Fanatical, radical reign of Thomas
“What is happening here?” a distraught Nancy Pelosi said on Friday.
It’s a good question.
Over the last three decades, I have witnessed a dismal saga of opportunism, fanaticism, mendacity, concupiscence, hypocrisy and cowardice. This is a story about men gaining power by trading away something that meant little to them compared with their own stature: the rights of women.
It started innocently enough on a beautiful summer day in Kennebunkport.
I was covering the first President Bush’s nomination of a 43-year-old U.S. appeals court judge for the D.C. Circuit to take the seat of retiring Justice Thurgood Marshall. Clarence Thomas looked uneasy as Bush defended his conservative choice.
The warnings were clear even then. Democratic Sen. Howard Metzenbaum of Ohio threatened to investigate Judge Thomas’ record on abortion, saying, “I will not support yet another Reagan-Bush Supreme Court nominee who remains silent on a woman’s right to choose and then ascends to the court to weaken that right.”
As a Texas congressman, H.W. was christened “Rubbers” by his colleagues because he was such a cheerleader for family planning in the U.S. and around the world.
But when Bush joined Ronald Reagan on the ticket in 1980, he adopted Reagan’s more restrictive position. The right remained suspicious of Bush, though, and hoping to bring it around for his re-election, he appointed the ultraconservative Thomas. He also wanted to appeal to Black voters, still angry at the Willie Horton ugliness that had helped propel him to the White House.
Women’s rights had to take a back seat to re-election.
Three months later, Anita Hill told her story to Congress about her boss, Thomas, tormenting her with unwanted attention and dirty talk about the pornographic films he liked to watch. Joe Biden was the chairman of those Senate hearings.
He let Hill be viciously ripped apart by Republicans and then abruptly ended the hearings, canceling the appearance of her two corroborating witnesses. Hill was smeared as a perjuring erotomaniac, and Biden, wasting a Democratic Senate majority, allowed a liar, a pervert and a sexual harasser to be elevated to a lifetime seat on the court.
Women’s rights had to take a back seat to Biden’s desire to foster bipartisanship with his conservative colleagues. And with Thomas, those conservatives got the justice of their dreams, the first in a line of right-wing radicals.
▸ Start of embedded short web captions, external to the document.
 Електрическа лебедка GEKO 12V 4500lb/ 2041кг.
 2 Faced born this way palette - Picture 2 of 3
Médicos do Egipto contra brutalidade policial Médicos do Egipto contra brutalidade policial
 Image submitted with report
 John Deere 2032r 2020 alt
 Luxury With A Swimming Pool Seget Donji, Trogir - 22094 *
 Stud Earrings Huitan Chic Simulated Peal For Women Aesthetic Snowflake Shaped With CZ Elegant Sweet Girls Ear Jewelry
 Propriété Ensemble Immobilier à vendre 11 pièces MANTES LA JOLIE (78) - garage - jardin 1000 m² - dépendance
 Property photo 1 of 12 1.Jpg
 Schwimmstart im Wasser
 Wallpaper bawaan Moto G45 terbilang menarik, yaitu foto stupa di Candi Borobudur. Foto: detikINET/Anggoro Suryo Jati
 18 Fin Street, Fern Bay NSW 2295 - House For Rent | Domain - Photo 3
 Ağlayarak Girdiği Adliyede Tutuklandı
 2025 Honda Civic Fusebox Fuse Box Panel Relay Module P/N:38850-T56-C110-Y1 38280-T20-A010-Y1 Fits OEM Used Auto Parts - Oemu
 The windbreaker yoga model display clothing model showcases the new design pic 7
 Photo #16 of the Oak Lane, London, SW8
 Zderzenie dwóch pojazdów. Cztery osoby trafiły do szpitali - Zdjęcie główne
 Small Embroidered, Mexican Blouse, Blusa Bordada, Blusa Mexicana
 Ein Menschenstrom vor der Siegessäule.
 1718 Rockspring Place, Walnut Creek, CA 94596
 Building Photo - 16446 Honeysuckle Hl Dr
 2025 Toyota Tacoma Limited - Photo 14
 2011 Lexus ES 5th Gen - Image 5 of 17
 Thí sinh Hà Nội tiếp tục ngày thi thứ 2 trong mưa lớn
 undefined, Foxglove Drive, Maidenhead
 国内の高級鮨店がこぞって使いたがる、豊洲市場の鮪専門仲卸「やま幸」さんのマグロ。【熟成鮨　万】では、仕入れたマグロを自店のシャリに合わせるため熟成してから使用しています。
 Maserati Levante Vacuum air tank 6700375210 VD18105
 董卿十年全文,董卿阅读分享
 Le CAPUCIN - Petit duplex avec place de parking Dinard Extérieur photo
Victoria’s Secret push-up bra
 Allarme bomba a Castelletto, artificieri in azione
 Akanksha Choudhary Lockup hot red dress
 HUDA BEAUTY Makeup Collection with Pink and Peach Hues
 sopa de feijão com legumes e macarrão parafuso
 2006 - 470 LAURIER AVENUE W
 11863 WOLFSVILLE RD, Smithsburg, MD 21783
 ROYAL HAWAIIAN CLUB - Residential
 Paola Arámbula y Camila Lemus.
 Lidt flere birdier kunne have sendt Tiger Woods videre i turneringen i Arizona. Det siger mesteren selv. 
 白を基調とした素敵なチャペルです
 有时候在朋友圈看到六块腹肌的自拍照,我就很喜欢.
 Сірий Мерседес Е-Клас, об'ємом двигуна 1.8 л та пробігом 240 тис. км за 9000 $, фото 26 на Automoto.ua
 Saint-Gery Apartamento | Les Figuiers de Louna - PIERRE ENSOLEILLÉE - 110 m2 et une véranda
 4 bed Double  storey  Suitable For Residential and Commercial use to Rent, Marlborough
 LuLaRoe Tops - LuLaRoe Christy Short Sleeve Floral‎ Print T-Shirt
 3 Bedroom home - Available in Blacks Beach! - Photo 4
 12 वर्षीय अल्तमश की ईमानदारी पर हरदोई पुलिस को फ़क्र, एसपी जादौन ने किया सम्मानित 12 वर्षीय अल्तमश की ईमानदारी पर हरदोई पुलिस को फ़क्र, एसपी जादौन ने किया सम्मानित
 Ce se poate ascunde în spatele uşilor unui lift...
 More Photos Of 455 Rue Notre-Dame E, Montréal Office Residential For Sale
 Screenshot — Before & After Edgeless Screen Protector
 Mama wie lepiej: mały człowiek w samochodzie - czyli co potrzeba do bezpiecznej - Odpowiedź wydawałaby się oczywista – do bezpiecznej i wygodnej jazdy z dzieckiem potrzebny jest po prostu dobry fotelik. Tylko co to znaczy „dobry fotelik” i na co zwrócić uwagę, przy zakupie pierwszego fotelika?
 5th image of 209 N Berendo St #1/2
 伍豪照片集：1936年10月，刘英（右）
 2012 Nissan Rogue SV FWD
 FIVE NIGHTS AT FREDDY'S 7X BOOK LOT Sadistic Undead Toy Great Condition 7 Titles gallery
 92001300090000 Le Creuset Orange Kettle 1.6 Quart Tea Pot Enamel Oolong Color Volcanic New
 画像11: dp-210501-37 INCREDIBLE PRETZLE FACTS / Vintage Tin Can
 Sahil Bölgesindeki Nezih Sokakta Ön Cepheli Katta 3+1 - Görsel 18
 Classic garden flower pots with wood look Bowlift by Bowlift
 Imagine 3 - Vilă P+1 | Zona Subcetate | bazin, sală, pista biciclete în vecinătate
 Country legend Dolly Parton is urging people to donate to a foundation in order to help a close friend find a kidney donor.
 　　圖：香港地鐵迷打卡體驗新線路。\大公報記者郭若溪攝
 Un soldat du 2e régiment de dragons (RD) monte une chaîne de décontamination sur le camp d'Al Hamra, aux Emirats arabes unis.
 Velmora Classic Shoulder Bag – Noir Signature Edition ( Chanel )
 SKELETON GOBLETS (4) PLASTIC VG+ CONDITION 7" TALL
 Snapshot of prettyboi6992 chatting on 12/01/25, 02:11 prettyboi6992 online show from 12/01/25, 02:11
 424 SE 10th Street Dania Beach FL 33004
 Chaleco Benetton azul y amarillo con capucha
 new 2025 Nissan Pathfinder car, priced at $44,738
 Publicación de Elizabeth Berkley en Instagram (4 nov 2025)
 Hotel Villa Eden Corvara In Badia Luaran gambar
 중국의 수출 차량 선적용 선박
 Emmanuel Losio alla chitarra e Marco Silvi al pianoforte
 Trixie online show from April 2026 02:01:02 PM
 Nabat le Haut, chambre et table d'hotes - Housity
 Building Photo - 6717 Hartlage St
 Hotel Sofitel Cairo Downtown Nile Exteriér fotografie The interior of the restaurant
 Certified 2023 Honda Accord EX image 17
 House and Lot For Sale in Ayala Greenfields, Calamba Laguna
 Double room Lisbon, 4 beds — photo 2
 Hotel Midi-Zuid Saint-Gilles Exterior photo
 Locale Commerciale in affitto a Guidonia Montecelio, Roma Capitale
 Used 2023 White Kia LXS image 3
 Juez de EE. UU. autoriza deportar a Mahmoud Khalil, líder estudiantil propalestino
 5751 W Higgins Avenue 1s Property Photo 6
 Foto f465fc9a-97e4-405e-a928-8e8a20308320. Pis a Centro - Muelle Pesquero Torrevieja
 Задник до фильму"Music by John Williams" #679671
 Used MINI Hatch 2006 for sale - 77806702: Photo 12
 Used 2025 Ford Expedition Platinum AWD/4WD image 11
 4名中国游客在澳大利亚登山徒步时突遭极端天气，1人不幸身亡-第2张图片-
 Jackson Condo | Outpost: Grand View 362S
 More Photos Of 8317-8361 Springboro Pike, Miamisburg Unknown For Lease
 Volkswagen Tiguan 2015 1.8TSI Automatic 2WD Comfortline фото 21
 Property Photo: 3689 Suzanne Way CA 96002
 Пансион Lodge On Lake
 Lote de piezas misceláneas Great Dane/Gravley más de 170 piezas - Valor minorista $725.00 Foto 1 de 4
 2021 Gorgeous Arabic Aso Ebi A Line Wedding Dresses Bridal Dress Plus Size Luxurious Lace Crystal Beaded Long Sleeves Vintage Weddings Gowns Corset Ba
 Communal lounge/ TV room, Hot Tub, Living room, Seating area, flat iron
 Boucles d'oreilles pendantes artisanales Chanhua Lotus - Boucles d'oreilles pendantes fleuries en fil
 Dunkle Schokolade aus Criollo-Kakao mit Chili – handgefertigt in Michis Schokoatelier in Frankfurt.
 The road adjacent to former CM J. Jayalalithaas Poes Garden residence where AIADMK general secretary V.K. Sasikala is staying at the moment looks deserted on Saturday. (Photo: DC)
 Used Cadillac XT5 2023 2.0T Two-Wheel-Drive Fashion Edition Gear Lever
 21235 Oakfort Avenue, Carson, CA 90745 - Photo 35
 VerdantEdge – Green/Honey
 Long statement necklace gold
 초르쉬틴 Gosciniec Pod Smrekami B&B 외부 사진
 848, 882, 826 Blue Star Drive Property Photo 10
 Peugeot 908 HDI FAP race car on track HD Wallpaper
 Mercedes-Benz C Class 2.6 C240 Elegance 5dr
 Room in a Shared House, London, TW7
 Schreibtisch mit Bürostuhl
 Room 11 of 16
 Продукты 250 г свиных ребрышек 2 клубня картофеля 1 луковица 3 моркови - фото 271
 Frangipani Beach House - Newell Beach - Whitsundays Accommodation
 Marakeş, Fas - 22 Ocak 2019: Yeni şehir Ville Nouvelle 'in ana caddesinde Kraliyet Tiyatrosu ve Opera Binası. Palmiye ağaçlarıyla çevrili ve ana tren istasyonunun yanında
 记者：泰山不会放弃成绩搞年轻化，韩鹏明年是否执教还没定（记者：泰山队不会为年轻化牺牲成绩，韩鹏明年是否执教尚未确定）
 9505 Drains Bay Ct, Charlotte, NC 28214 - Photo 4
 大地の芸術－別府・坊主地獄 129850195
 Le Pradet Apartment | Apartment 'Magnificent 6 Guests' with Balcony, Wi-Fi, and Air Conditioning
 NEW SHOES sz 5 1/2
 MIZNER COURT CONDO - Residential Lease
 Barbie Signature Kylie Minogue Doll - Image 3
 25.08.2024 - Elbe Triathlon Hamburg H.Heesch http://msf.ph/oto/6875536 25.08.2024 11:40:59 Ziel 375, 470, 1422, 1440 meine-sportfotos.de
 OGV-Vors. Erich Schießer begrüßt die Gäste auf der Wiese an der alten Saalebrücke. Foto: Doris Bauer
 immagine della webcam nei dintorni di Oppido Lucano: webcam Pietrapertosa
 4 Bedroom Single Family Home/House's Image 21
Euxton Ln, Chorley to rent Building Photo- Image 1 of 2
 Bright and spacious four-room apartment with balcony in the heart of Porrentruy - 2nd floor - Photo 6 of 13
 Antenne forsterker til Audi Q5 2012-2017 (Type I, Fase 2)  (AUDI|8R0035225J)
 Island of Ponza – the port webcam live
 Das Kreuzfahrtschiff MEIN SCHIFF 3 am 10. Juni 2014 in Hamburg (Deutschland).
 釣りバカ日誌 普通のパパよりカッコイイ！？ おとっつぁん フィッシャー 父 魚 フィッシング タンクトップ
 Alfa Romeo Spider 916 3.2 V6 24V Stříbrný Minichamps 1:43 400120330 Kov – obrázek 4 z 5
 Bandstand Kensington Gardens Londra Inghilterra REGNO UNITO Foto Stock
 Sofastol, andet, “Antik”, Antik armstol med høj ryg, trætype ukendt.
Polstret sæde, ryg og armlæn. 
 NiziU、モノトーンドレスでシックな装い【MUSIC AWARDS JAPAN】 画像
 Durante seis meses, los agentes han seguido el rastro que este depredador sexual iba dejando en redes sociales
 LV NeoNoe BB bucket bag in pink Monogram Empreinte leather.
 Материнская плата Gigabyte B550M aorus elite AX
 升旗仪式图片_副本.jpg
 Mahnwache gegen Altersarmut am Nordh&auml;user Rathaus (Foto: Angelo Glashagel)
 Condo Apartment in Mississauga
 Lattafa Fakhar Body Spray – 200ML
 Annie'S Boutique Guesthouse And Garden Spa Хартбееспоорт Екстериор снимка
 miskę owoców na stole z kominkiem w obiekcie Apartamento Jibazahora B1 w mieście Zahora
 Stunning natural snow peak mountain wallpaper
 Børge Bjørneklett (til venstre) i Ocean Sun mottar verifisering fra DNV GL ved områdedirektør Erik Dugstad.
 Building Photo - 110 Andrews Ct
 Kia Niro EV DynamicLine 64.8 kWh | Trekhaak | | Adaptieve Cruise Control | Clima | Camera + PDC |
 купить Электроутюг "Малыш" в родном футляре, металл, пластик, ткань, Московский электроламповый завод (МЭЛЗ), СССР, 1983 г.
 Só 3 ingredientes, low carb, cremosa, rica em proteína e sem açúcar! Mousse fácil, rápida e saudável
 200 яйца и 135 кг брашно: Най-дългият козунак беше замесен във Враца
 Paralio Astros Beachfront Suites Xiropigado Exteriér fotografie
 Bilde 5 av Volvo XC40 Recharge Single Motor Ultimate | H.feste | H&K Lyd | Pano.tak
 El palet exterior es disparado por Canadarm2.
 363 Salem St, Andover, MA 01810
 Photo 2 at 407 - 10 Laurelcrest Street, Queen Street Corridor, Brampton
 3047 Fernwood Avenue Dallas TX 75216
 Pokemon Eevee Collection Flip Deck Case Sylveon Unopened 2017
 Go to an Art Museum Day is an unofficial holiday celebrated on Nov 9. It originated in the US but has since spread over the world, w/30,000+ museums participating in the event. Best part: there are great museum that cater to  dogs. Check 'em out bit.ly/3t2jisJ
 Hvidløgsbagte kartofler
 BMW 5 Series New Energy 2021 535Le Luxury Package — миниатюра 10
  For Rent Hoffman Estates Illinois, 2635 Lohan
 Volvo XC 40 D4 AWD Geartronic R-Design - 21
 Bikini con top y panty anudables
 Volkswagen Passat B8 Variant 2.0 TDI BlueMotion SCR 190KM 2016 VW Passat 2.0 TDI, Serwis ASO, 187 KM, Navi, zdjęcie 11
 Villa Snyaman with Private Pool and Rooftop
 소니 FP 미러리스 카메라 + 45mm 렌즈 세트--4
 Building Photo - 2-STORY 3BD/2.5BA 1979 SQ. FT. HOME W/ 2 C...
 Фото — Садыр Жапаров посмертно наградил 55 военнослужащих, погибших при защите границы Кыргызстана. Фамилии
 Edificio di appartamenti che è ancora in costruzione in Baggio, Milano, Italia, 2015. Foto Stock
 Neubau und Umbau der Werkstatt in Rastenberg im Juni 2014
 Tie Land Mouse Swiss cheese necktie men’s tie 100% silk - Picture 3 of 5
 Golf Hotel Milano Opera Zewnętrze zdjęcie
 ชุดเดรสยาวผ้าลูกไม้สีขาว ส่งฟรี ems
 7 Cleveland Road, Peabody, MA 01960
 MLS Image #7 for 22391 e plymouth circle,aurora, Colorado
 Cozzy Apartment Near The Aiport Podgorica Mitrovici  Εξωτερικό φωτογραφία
When Donald Trump came along, trailing a history of lurid sexual transgressions, the family-values Republicans and religious right didn’t care. He could bring them to Valhalla on the Supreme Court.
Mitch McConnell and his Federalist Society minions used Trump as the host body. After wrecking the rules to keep Merrick Garland off the court, McConnell jammed through Amy Coney Barrett.
Women’s rights had to take a back seat to Trump’s ego and ambition and McConnell’s desire for a conservative court that would pull back the reach of the government, denying protections to Americans who need or value them. They pushed through three conservative justices and that was checkmate for Roe.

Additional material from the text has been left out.